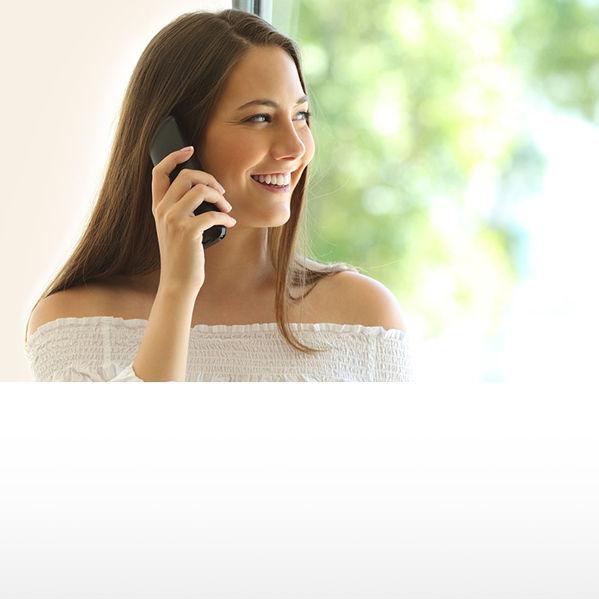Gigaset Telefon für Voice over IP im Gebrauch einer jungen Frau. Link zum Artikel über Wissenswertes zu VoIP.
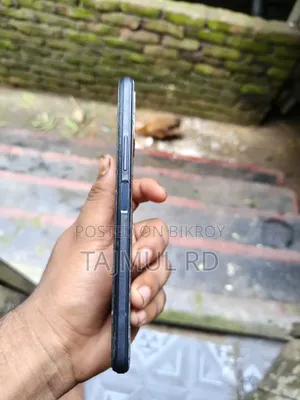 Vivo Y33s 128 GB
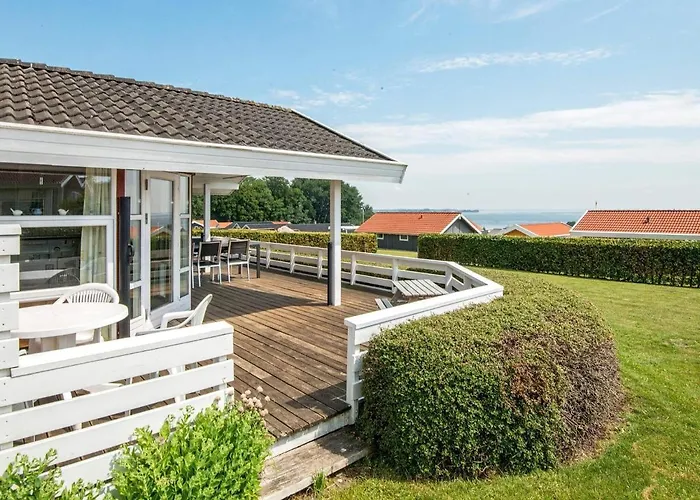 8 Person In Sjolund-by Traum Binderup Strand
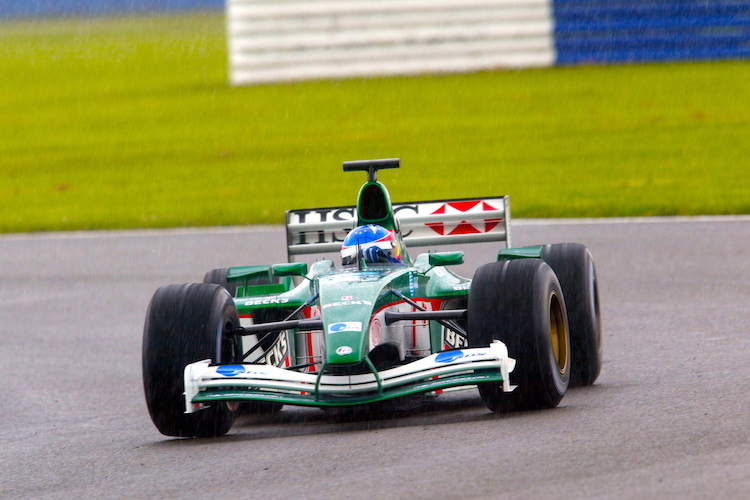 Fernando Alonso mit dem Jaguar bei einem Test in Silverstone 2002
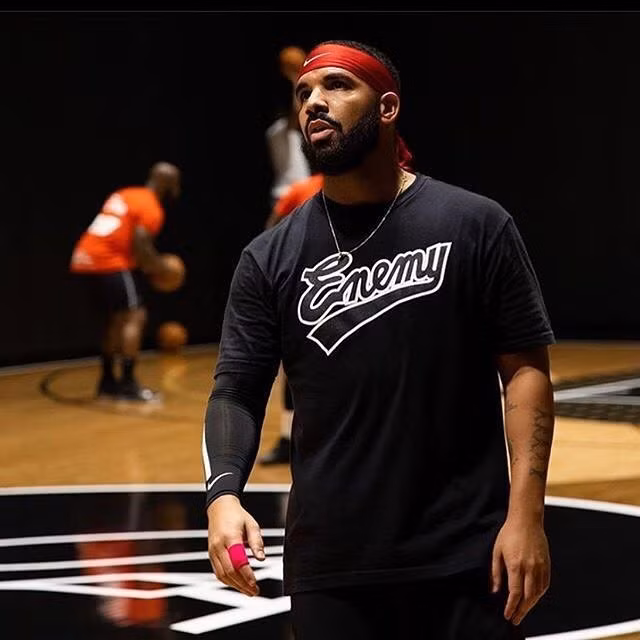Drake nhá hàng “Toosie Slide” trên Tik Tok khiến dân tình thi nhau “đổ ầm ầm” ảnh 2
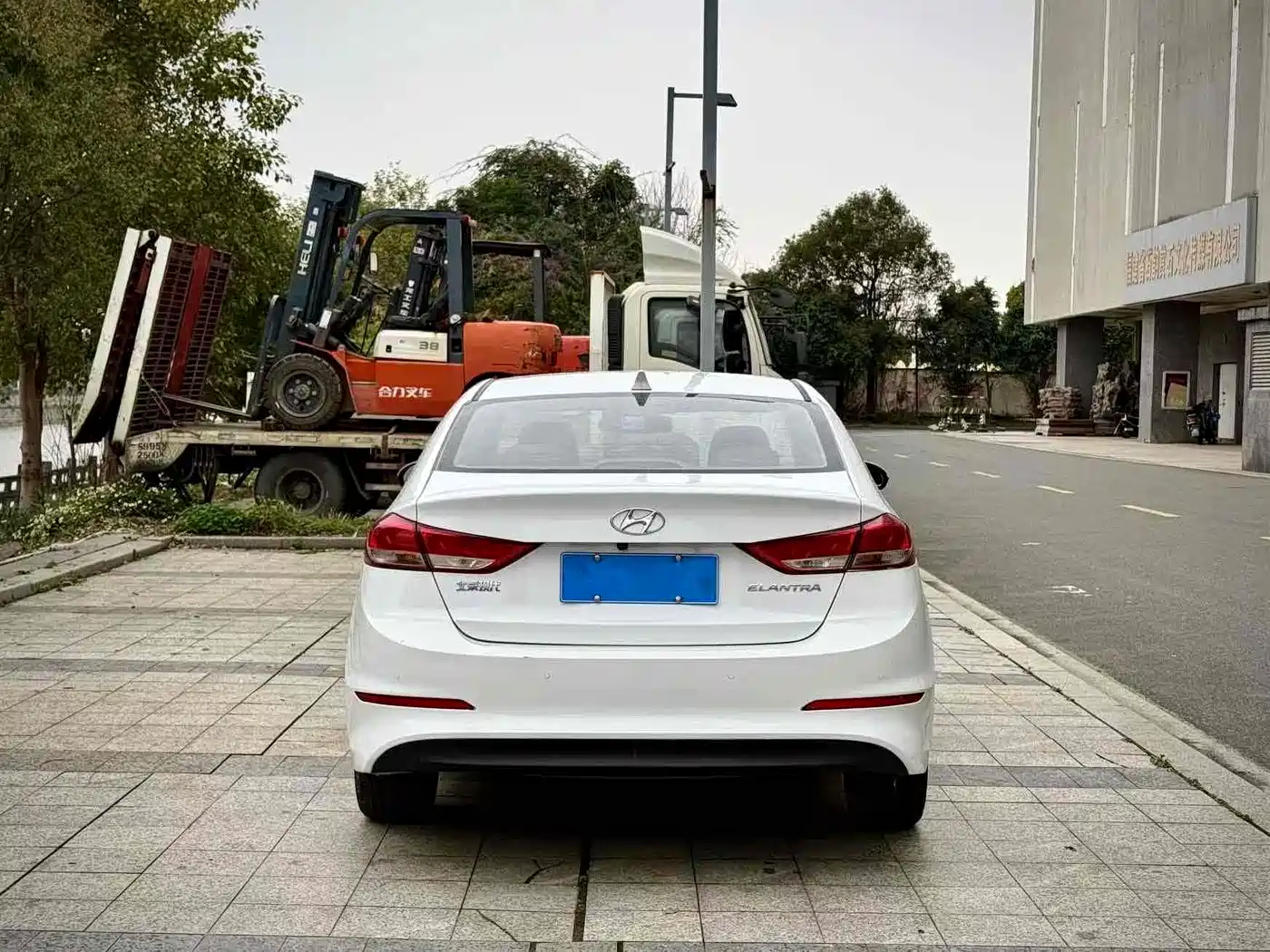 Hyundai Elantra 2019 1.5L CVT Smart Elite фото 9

※

Activity:
Return the opening line of the data above and every line after it up to and including the line that holds "Fernando Alonso mit"; pictures stay out.

Result:
Gigaset Telefon für Voice over IP im Gebrauch einer jungen Frau. Link zum Artikel über Wissenswertes zu VoIP.
 Vivo Y33s 128 GB
 8 Person In Sjolund-by Traum Binderup Strand
 Fernando Alonso mit dem Jaguar bei einem Test in Silverstone 2002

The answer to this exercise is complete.